What I read: Luke 9
Observations: As I read Luke 9 I had this thought: “It must have been hard to follow Jesus.” Here’s what I mean. He doesn’t always answer questions when they are put to him. He doesn’t often explain himself, and even when he does, his disciples don’t seem to totally get his explanations. People are crowding around to get a better look at him, but when they do Jesus seems almost more interested in driving them away than he does in bringing them close to him. And even after some real highlight kind of moments, he seems to be throwing a damper on things – Peter declares him to be the Messiah, and then Jesus says that he is going to give his life at Jerusalem. Three of them go up on a mountain and see Moses and Elijah appear with Jesus, and then they come down to see Jesus calling people a faithless generation and wondering how long he will have to put up with them. It just seems like it would have been a hard thing to do, and I think too often I don’t give those first 12 men nearly enough credit for it because I assume it was easier for them because they could physically see Jesus.
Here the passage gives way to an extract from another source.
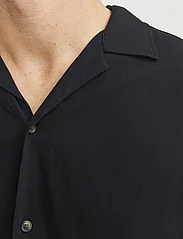 Jack & Jones - JJEJEFF SOLID RESORT SHIRT SS SN - kortærmede t-shirts - black - 6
Application: I guess this is along the lines of what I wrote yesterday, but it seems to be recurring for me here, which probably means I should pay attention to it. One of Jesus’ more difficult sayings is found in the middle of this passage – if you want to follow me, then you have to take up your cross to follow me. You have to be willing to lose your life to find it in the end. You have to take the risk I call you to take in order to see the life I want you to lead. More often than not I’m content to try to save my life now. What if instead of looking for those options, I really let Jesus lead me where he wants me to go? What if I stopped worrying about how to gain the world, and instead starting worrying more about how to give up my life?
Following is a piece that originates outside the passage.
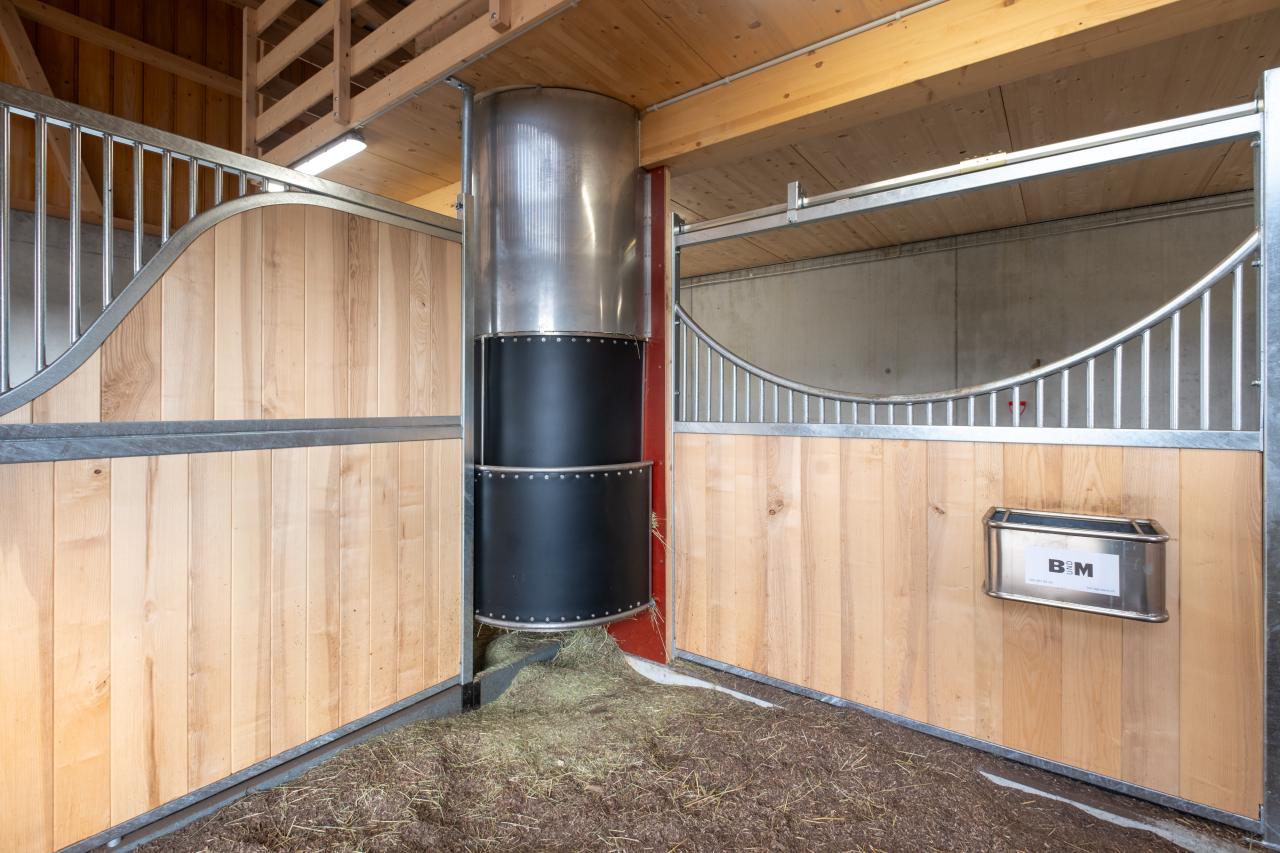 67812-christoph-steiner-pferdestall-feedslow-raufe-2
Prayer: Jesus, I admit that sometimes I think I have you figured out, like Peter did. And I resist allowing you to push on my understanding of you because it makes me uncomfortable. But today I pray that you would stretch me in this area. I don’t want to play it safe, and I don’t want to keep you in a box where I can take you out and see what I think about you from time to time. I really want to follow you like those first 12 men did, even when I’m confused, or when I doubt, or when I’m afraid, or when I don’t understand you. I want to lose myself in becoming who you’ve planned for me to be. I don’t want to gain the world and lose out on my soul, on living the life you created me to live. So once again today I submit myself to you and ask that you would lead me in the way you want me to go, so that through me you might somehow receive some small measure of honor and glory.